Salle’s works conform completely to and satisfy the accepted structural criteria of modernism, which he attempts to challenge. Like Schnabel, and unlike Lawson, Salle apes metaphoric patterns, while emptying them. Typically he does not take responsibility for either, as is demonstrated in his video-taped interview “discussion” of his painting Tennyson. The 1983 acrylic The Cruelty of the Father, which includes the attached chair mentioned above, also features his typical hodgepodge of images from How to Draw manuals, soft-porn, disruptive abstract shapes, and more. The “Zeitgeist” paintings of 1982 all sport the Picabiaesque transparencies in their upper half, while mingling diagrammatic forms, truncated human images, and assorted citations or allusions to antecedent abstract art. This patchwork may be discussing contemporary issues such as emptiness, disunity, and absurdity, but more probably it is simply an unconscious result of the same. His art supplies a metaphoric mode that in turn yields nothing more than the clichéd message “Ain’t art idiotic.”

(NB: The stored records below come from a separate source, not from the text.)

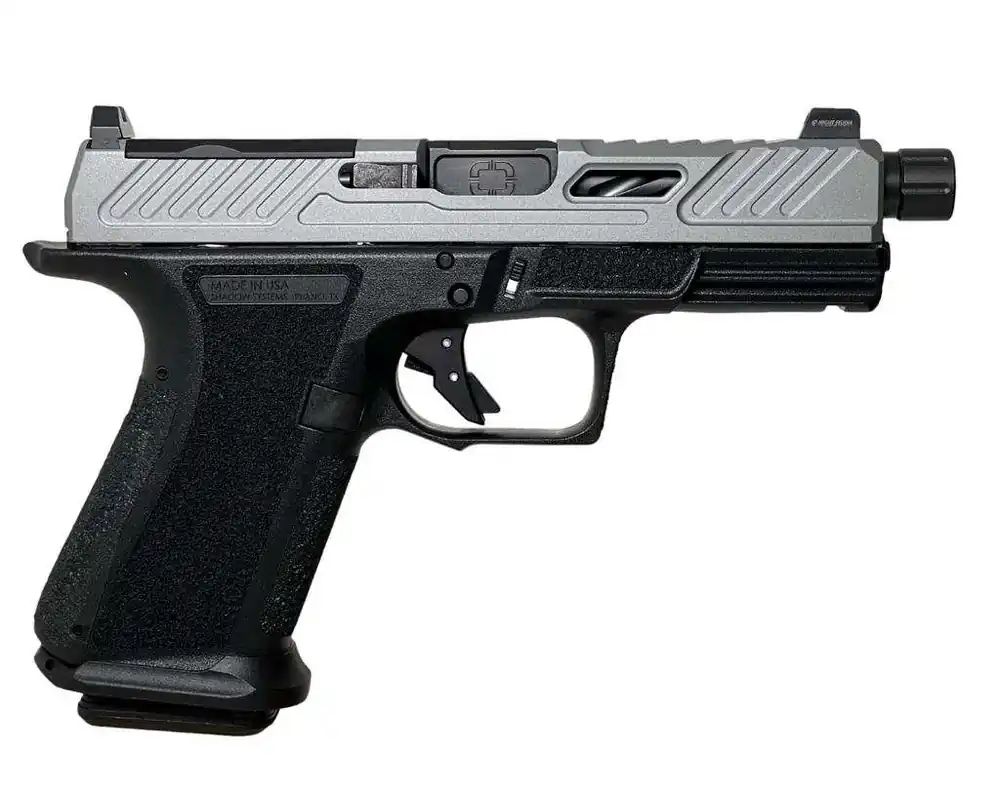 SHADOW SYSTEM MR920 ELITE 9MM SIL/BK OR TB # 9mm Luger (9x19 Parabellum)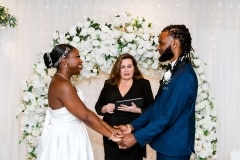 Wedding of Septembre and Andre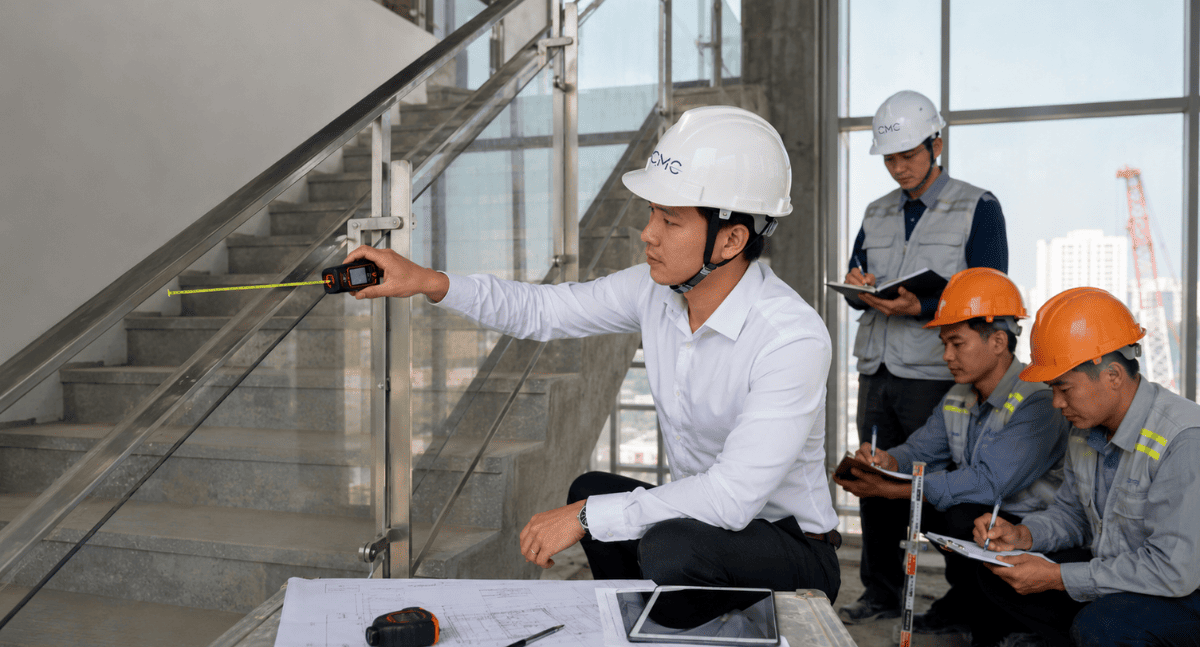 CMC Architects phân tích thông tin quan trọng chuyển từ bản vẽ kiến trúc sang bản vẽ AutoCad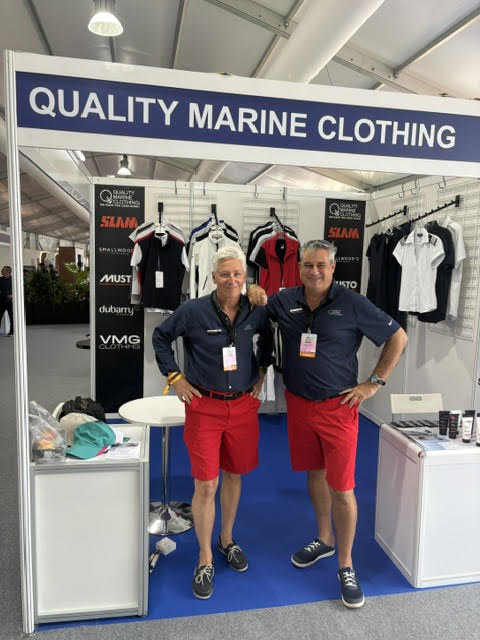 Quality Marine Clothing on the show circuit
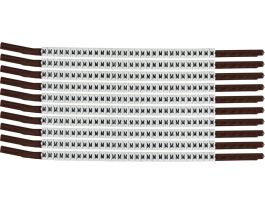 ClipSleeve Wire Markers Size 15 Nylon 14 AWG - 12 AWG, M Pack of 300 Each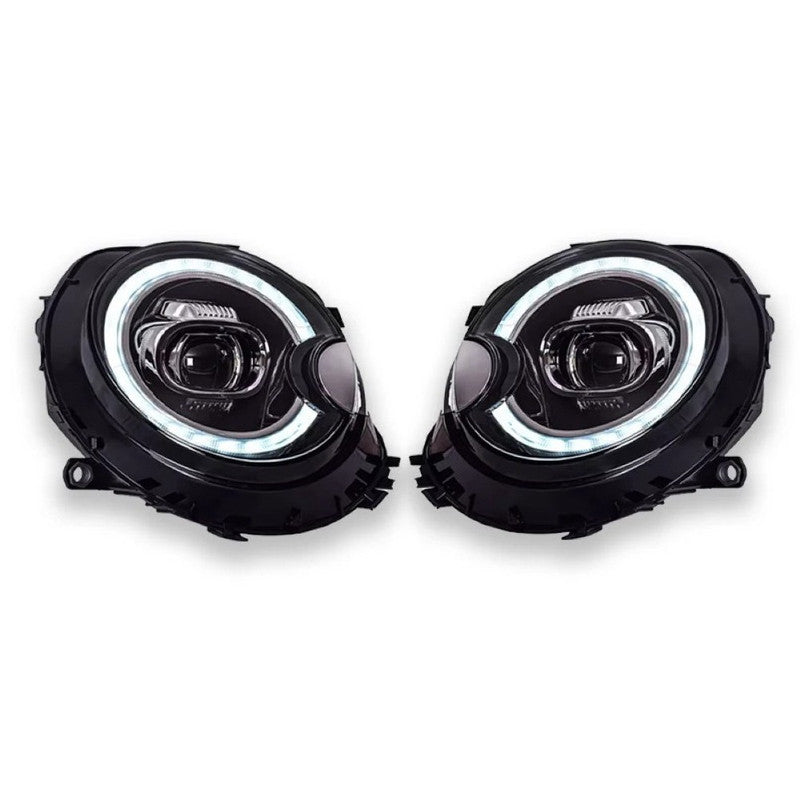 Car Craft Compatible With Mini Cooper R55 R56 R57 2007-2013 Car Front Upgraded Head Light Lamp Xenon Headlight Retrofit Upgrade Modified Led Drl Hid - CAR CRAFT INDIA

We have briefly examined a small variety of artists in an effort to apply the fruitful possibilities of Jakobson’s metonymy-metaphor distinction. The potency of this notion lies in its applicability to the particular successes or failures of individual artists. By extension also this discovery could furnish much insight when employed in examination of whole periods, movements or an artist’s entire oeuvre.

Additionally, metonymy could be a productive artistic method in the drive to create a post-modernism that is non-“Neo.”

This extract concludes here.